- About this task -
Beginning at the line containing "新同樂魚翅酒家 - 4th: seared", repeat each line below exactly up to and including the line containing "Ramblas Apartments Barcelona Exterior photo". Do not repeat the pictures.
*** Information supplied ***
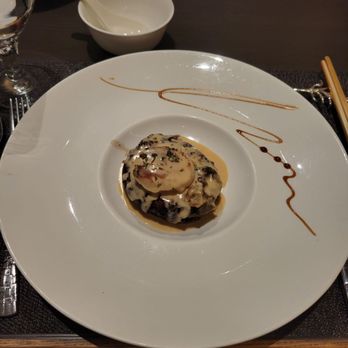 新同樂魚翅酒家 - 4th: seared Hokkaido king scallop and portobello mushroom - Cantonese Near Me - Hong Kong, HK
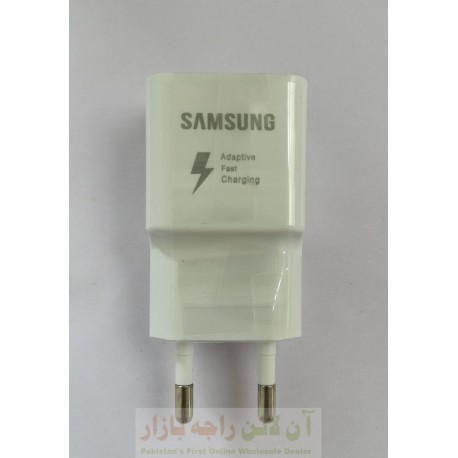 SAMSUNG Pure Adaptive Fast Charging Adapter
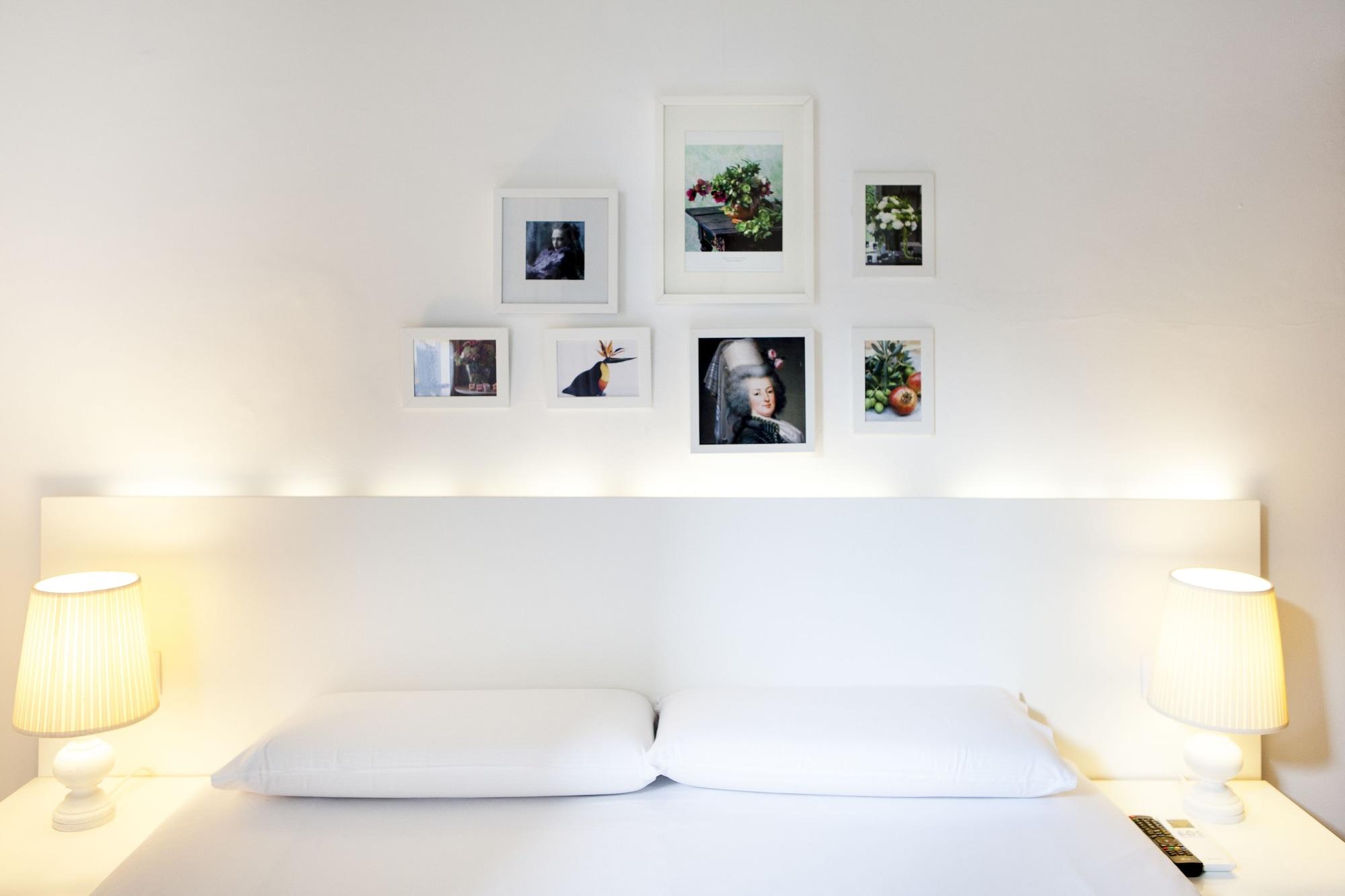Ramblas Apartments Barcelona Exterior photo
*** End of Information supplied ***
*** Information supplied ***
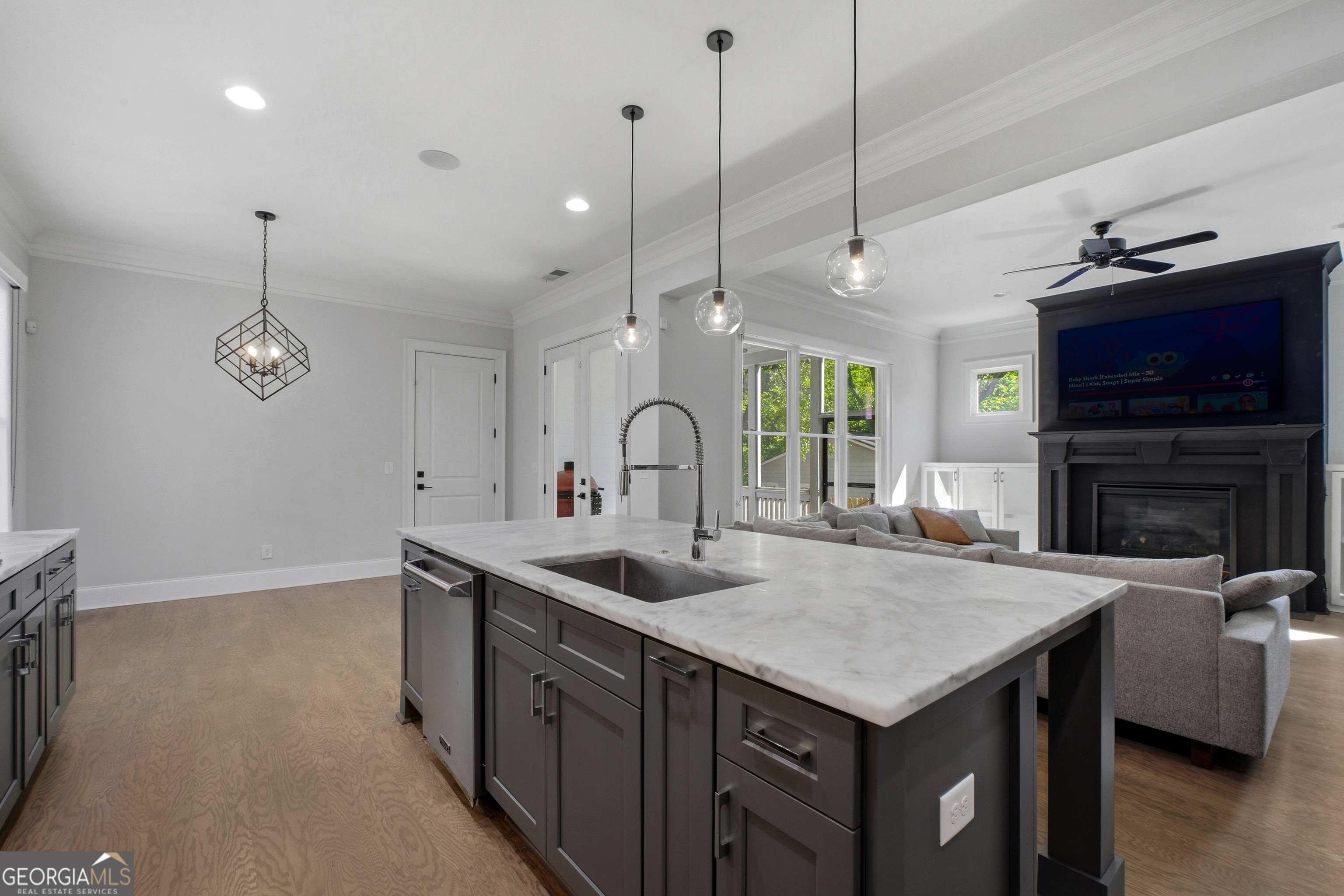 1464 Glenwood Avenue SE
*** End of Information supplied ***
- Solved exercise -
 新同樂魚翅酒家 - 4th: seared Hokkaido king scallop and portobello mushroom - Cantonese Near Me - Hong Kong, HK
 SAMSUNG Pure Adaptive Fast Charging Adapter
Ramblas Apartments Barcelona Exterior photo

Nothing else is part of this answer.